Problem to work on
The complete listing goes into the output exactly, without its pictures.

The data
/---

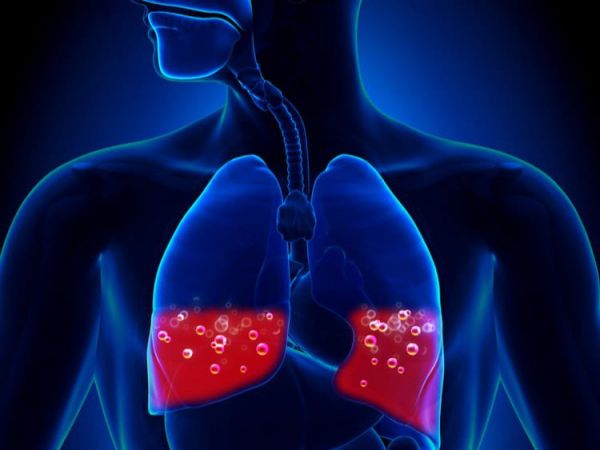 Hội chứng phù phổi - Triệu chứng, nguyên nhân và cách điều trị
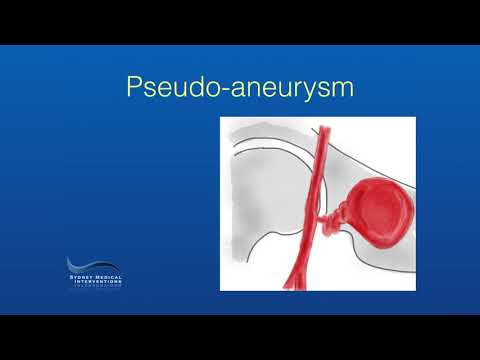 Endovascular Treatment of a Femoral Pseudo-aneurysm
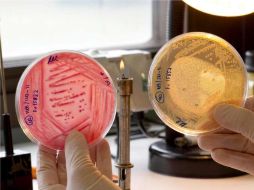 El INS cuenta con la tecnología y capacidad necesaria para poder detectar y tipificar la bacteria E. coli: Perú. EFE  /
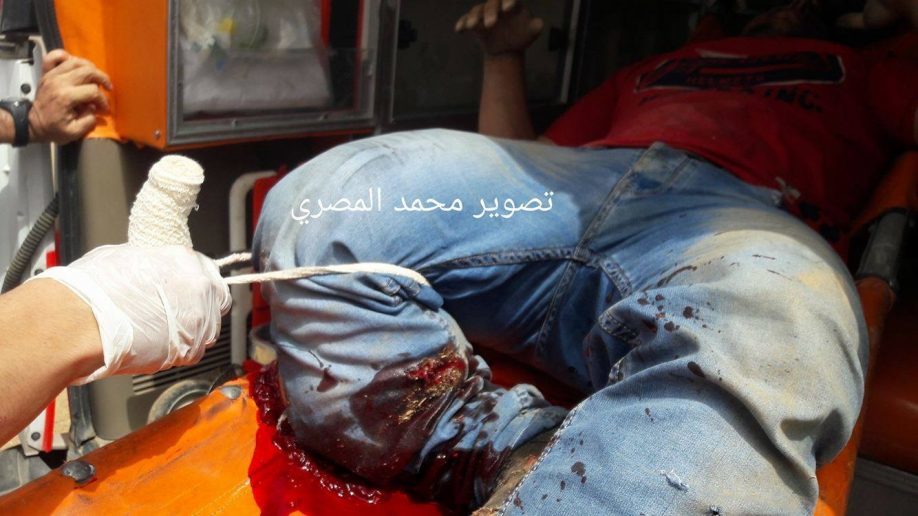 Click to enlarge Wound inflicted by Israeli explosive bullet fire, in Gaza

\---

Answer to this problem
 Hội chứng phù phổi - Triệu chứng, nguyên nhân và cách điều trị
 Endovascular Treatment of a Femoral Pseudo-aneurysm
 El INS cuenta con la tecnología y capacidad necesaria para poder detectar y tipificar la bacteria E. coli: Perú. EFE  /
 Click to enlarge Wound inflicted by Israeli explosive bullet fire, in Gaza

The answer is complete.